Au cours de mes pérégrinations j’ai visité des sanctuaires et mains autres lieux de pèlerinage sacrés, mais je n’ai pas vu de gué aussi plein de béatitude que mon corps.


L’enseignement du maître est nectar d’immortalité. qui n’en boit pas très vite meurt de soif dans les steppes désertiques des innombrables traités.

Que la parole du maître pénètre le cœur et le disciple voit le trésor comme dans sa propre main.

Le Dieu est unique, mais il est révélé en de nombreuses traditions, étant perçu selon le désir de chacun. On ne le voit pas venir, on ne sait pas s’il vient ou s’il demeure. On reconnaît le suprême Seigneur comme sans tache et sans houle !
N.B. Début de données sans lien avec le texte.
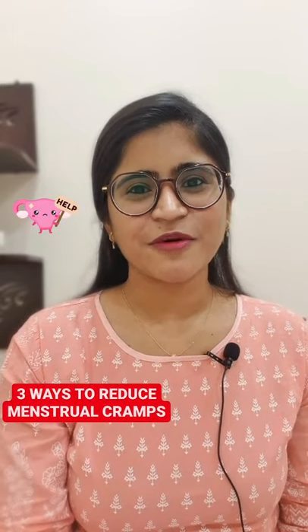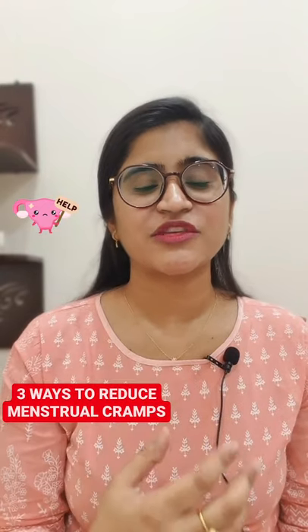Hey everyone, this is Dr. Vabora. Here are three ways to reduce menstrual cramps. First, put a hot water bag on your pelvis or lower abdomen.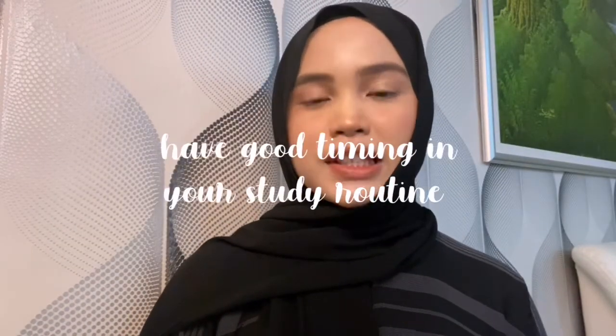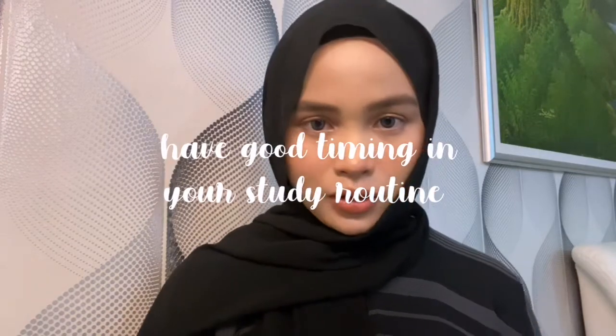My second tip is: have a good timing in your study routine. For example, if you want to do a language subject, you can do it during the afternoon or lunch break. Based on research, it has been proven that our brain is more likely to accept language-based knowledge during that time. You can read through articles or watch YouTube videos based on the language subject you are currently taking.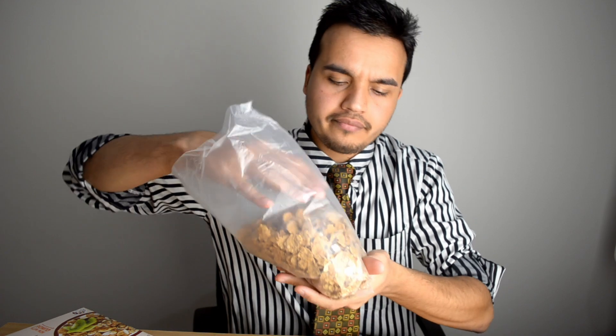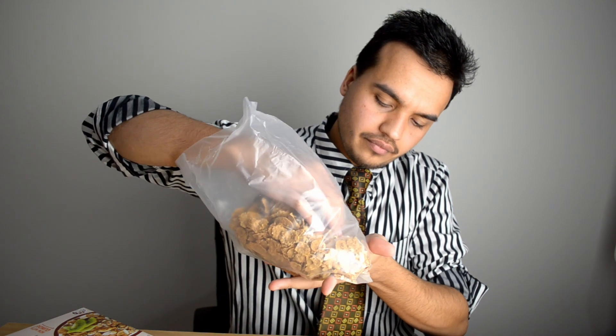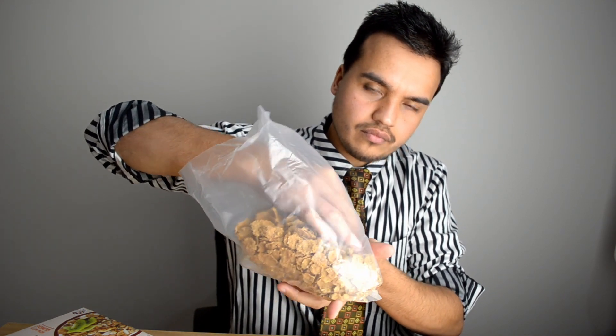I wonder if I can get to the quinoa at the bottom. Yeah, there it is — that's the flavour. There's a cluster here, actually it's pretty big. I don't know what's in this cluster, but it tastes pretty good.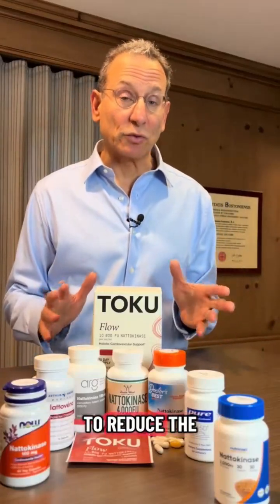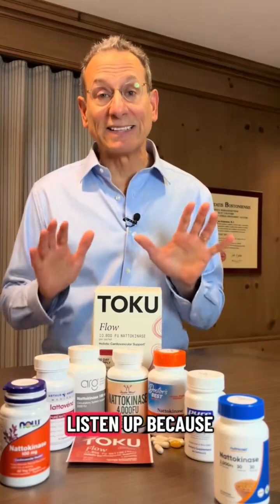If you use the supplement nattokinase, which is promoted to reduce the risk of blood clots, listen up because we just tested these eight nattokinase supplements and three failed our tests. I'm Dr. Todd Cooperman of ConsumerLab.com. We've been testing supplements since 1999.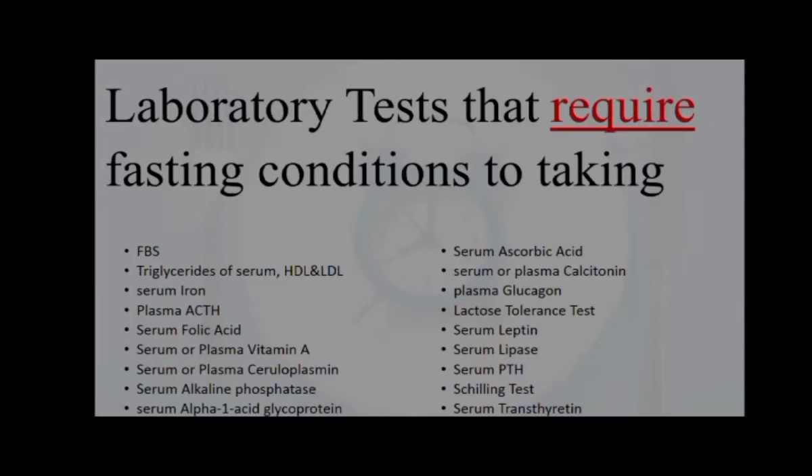Hello, I'm Heydarian. Should we be fasting to take laboratory tests? As I said in the normal range video, because the test results are compared and interpreted with the normal range, the sampling conditions should be as similar as possible to the conditions considered for the normal range.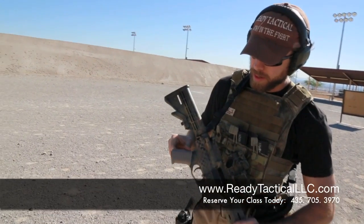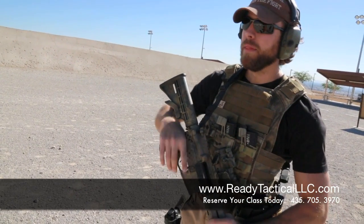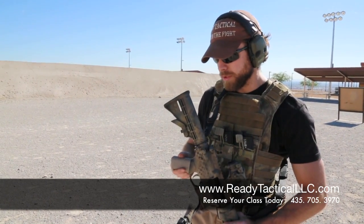We have recently partnered up with Tough One Grips. As you can see on my AR, I've got one of their grips on there. They come in a lot of different patterns and they just slip right over the firearm, giving it a nice textured grip so you're not going to slip as much. We've been using those on our ARs and also on our handguns — they slip on real easily and we've enjoyed them thus far. Check them out.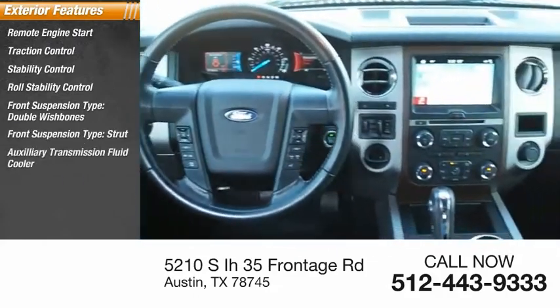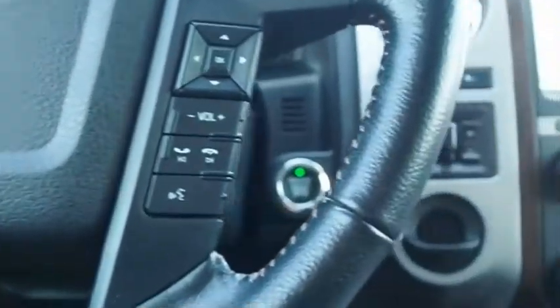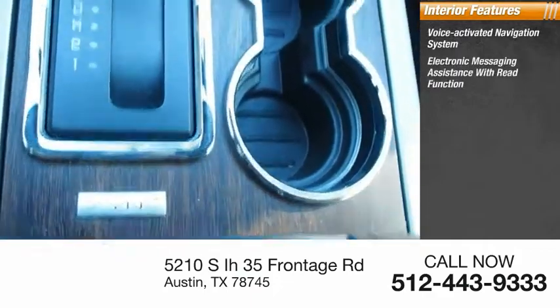Auxiliary transmission fluid cooler, braking assist, ambient lighting, power brakes. Inside you'll find a voice-activated navigation system and electronic messaging assistance with read function.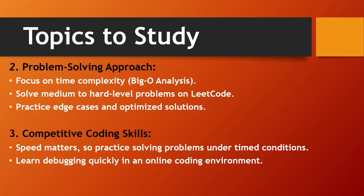For the problem solving approach, focus on time complexity and Big O analysis, and solve medium to hard level problems on LeetCode. You need to practice a lot to get shortlisted for the next round since all questions will be medium to hard level. Practice edge cases and optimize solutions. For competitive coding skills, speed matters — practice solving problems under timed conditions and learn debugging quickly in an online coding environment.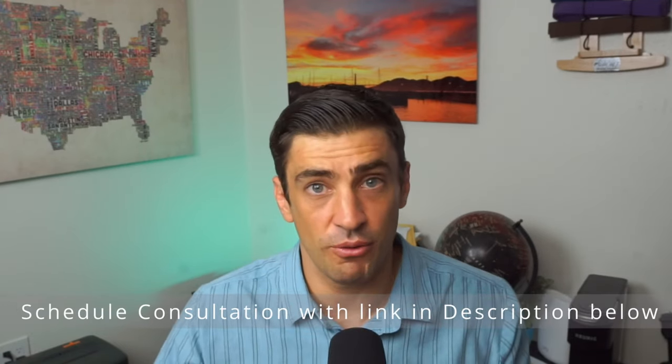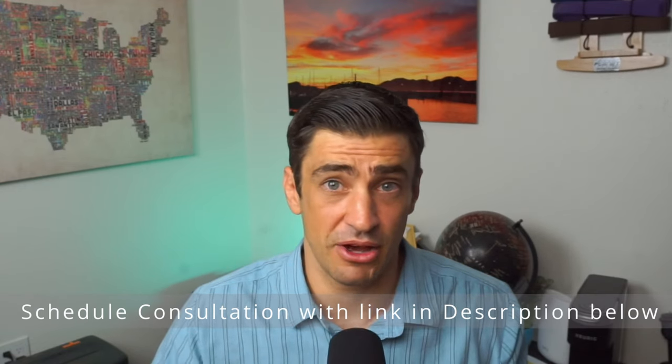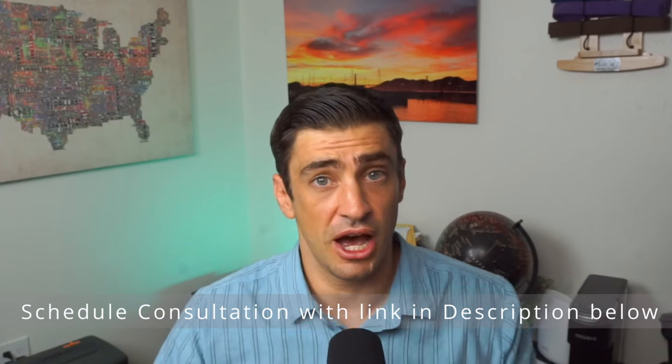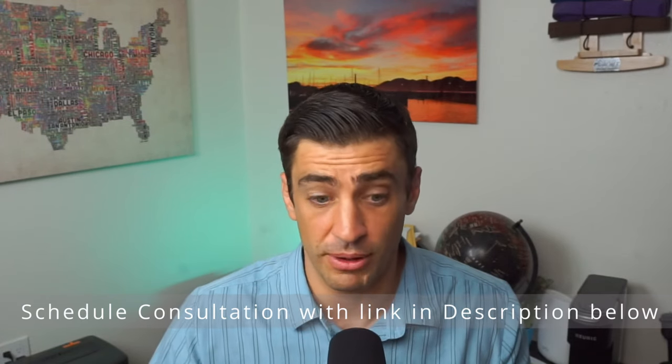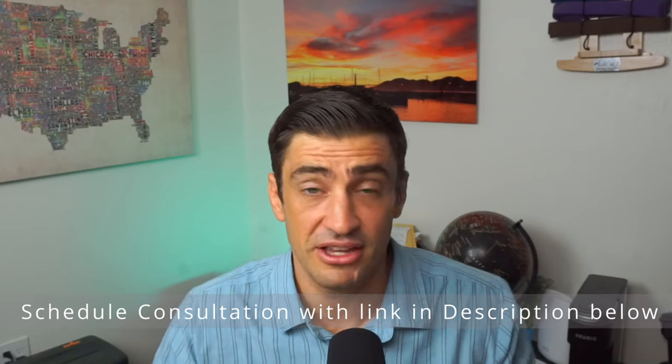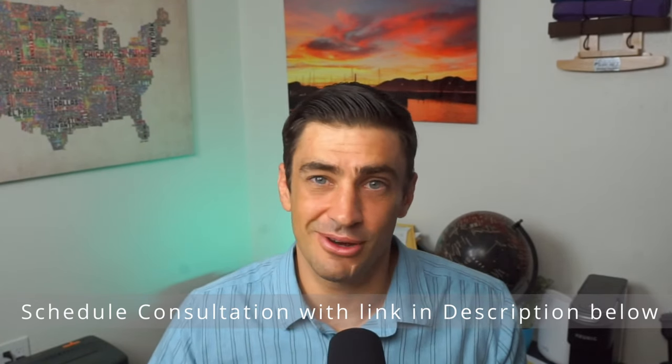I hope this video was helpful. If it was, be sure to hit that like, subscribe, and notification bell for more future videos. Offer in compromise is what I do here. If you are looking to schedule an appointment with me to go over your particular case, use the link in the description or in the comments below. Thank you so much, guys.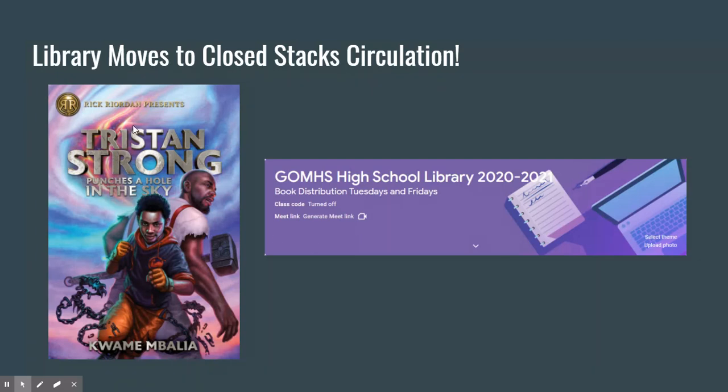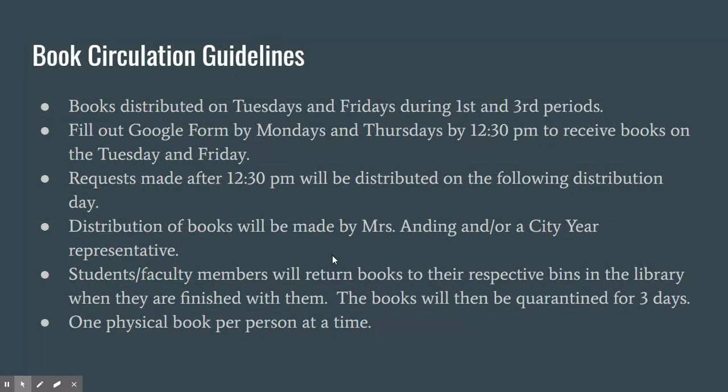Hopefully all of you — both faculty and students — were invited to either the high school or middle school library Google Classroom. This will house a lot of our resources, and also a very important Google form. Physical books will be distributed on Tuesdays and Fridays during first and third periods. If the Google form is filled out by 12:30 PM on Mondays and Thursdays, we will pull the books, check them out, and distribute them on Tuesday and Friday. Requests made after 12:30 PM will be distributed on the following distribution day.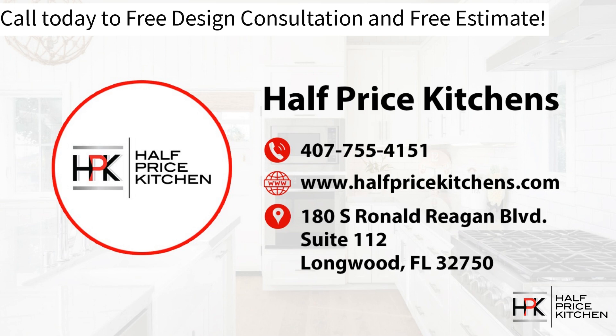Give us a call today — it's a free design consultation and free estimate. Let us help you get started on your dream kitchen.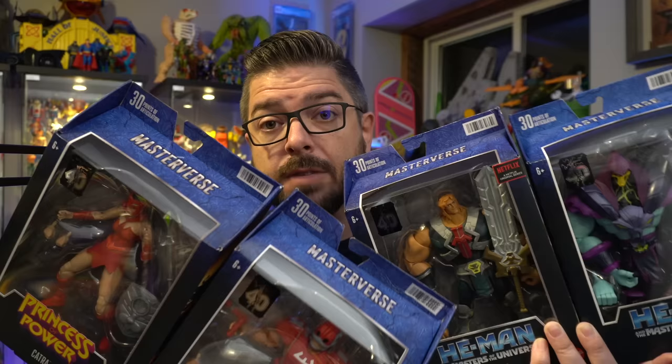Mattel just keeps getting better and better with their MOTU Masterverse line, improving figures wave after wave. Wave 5 looks to continue that trend, giving us characters across the wide spectrum of the Masters of the Universe lore. So does this wave continue that trend of improvements? Let's unbox and share my thoughts on Wave 5 of Masters of the Universe Masterverse figures from Mattel.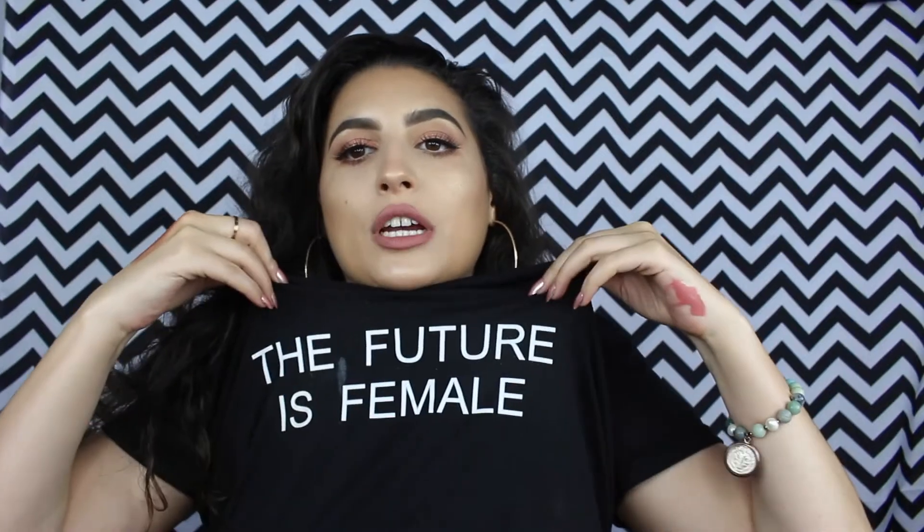You can't tell me I don't look cute with these brows. Hey my beautiful angels, welcome back to my channel. Today I did this very rose goldy pinky makeup look.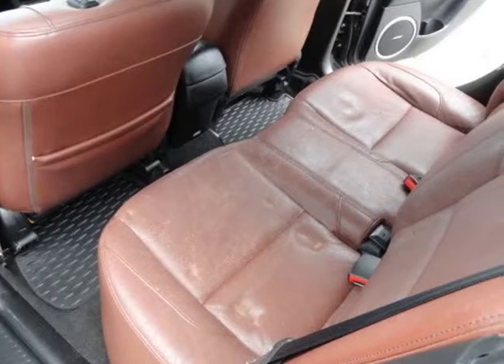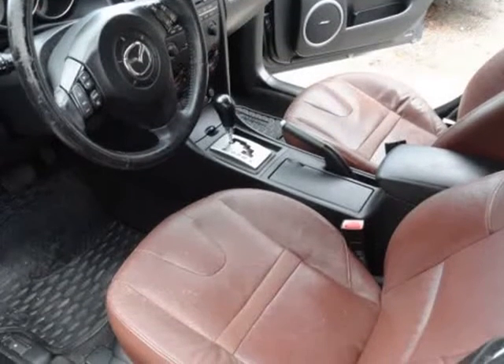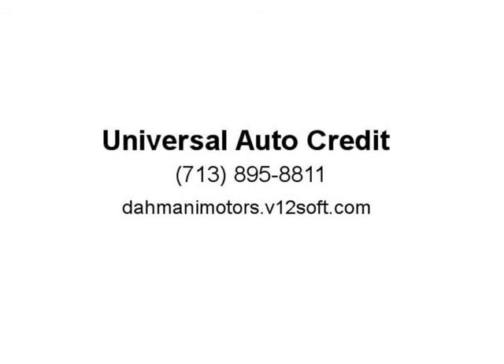ABS four-wheel, load-bearing exterior rack, rear window defogger, passenger airbag, child safety locks, current inspection, good tires.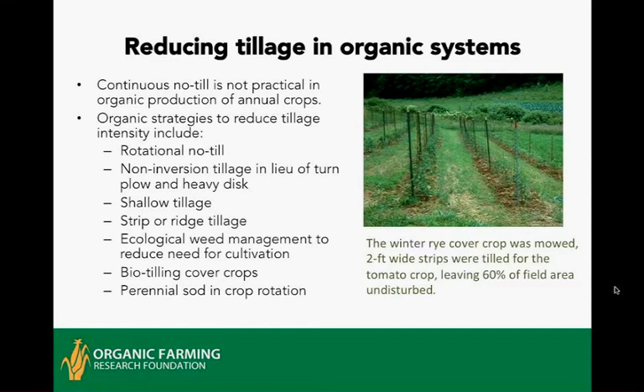In organic systems, continuous no-till is really not practical unless you're growing perennial crops like apples with an established grass-legume sod underneath managed by mowing. If you're trying to grow a rotation of vegetables or annual grain crops, it's really not practical. There are a number of other strategies organic growers use, including rotational no-till, using non-inversion tillage in lieu of the moldboard plow and heavy disc, tilling shallowly — sometimes only two or three inches — and strip tillage or ridge tillage, where you're working up just a crop row.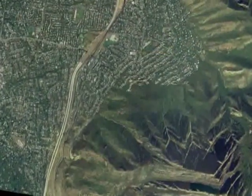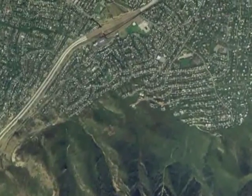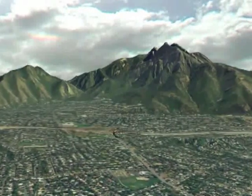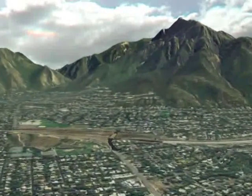Nestled in the scenic Wasatch Front, the 4500 South Bridge over I-215 East is being replaced using an innovative process called Accelerated Bridge Construction, or ABC, which allows for the building of a new bridge in a staging area until it is moved into place.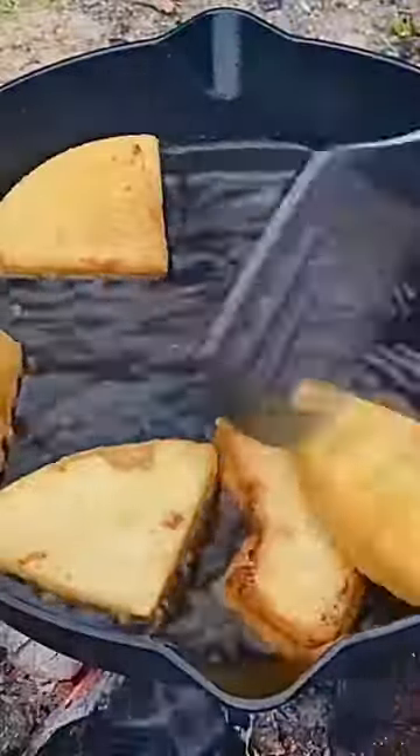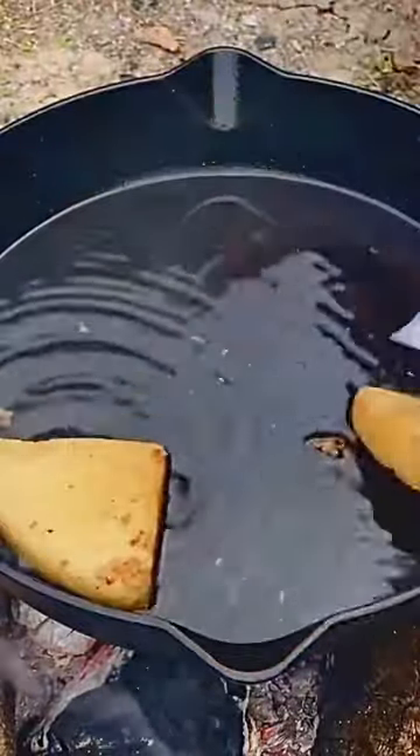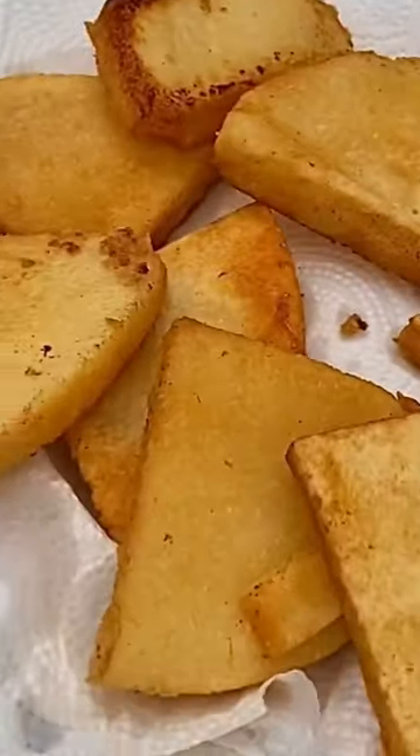Number 5: Bammy. A traditional Jamaican cassava flatbread, dense and chewy like a pancake, often served with fish, stews, and sauces.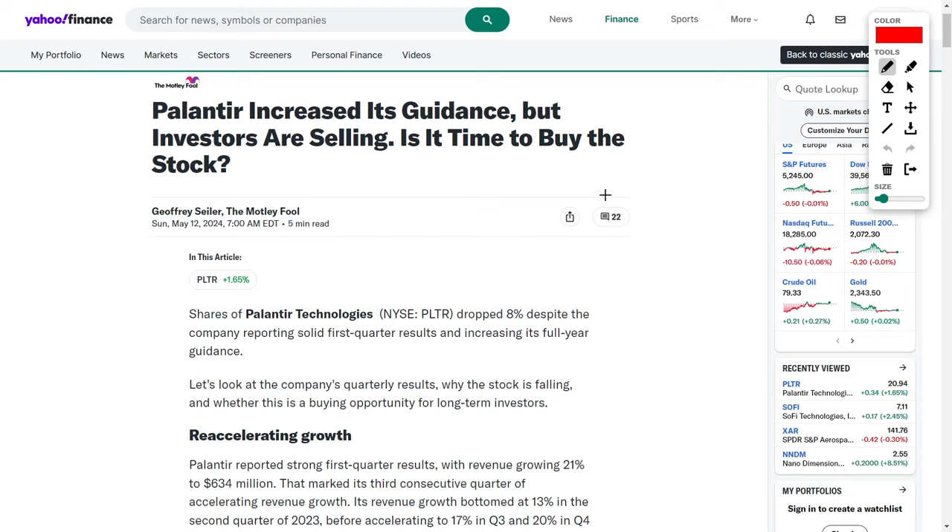Welcome back to YT Finance, the channel where I went to business school so you didn't have to. Today we are talking about Palantir Technologies and their PLTR stock. In this video, we're going to be analyzing three articles — the first is titled 'Palantir Increased Its Guidance But Investors Are Selling: Is It Time to Buy the Stock?' After that, we'll discuss analyst price targets, and lastly, I'll give you my personal thoughts on the company.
Il est à la maison et elle sort à sa recherche ; elle est avec son époux et elle s’enquiert de lui auprès des voisins ! Insensé, connais le Soi, Il n’est objet ni de méditation ni de concentration ni de récitation.

Le monde entier est tourmenté par les paroles et personne n’échappe aux paroles. Ce n’est  que libre de paroles qu’on fait tourbillonner les paroles. J’ai récité « que le succès soit ! »,  mais j’ai bu l’eau de vie et j’ai tout oublié. Il n’y qu’une parole que je connaisse et son nom,  ami, je l’ignore !

Quiconque délaissant la compassion s’attache à la Vacuité n’a pas trouvé la meilleure des  voies. Qui s’adonne uniquement à la Compassion ne se libère pas du cycle des existences. Mais celui qui peut unir les deux ne distingue pas le devenir du nirvâna.


Tel le devenir, tel le nirvâna; n’imaginez aucune distinction.

Ne reste pas chez toi, ne va pas dans la forêt, connais parfaitement la pensée où que tu sois. Pour qui réside dans l’illumination indivise et ininterrompue, où est le devenir, où est le nirvâna ? Ni chez toi, ni dans la forêt l’illumination ne réside. Prenez parfaite connaissance  de ce mystère. Soyez non-mutilés dans la nature essentielle de la Conscience immaculée ! Profonde, immense, ni soi ni autrui, connais cette Expérience intime dans la félicité du Spontané. De même que la lune, joyau du ciel, éclaire d’épaisses ténèbres en un seul  instant, la suprême et grande Béatitude dissipe toute calamité.

Le bel arbre de la Conscience-sans-dualité s’étend avec ampleur sur le triple monde. Il fleurit en compassion, son fruit se nomme charité envers autrui.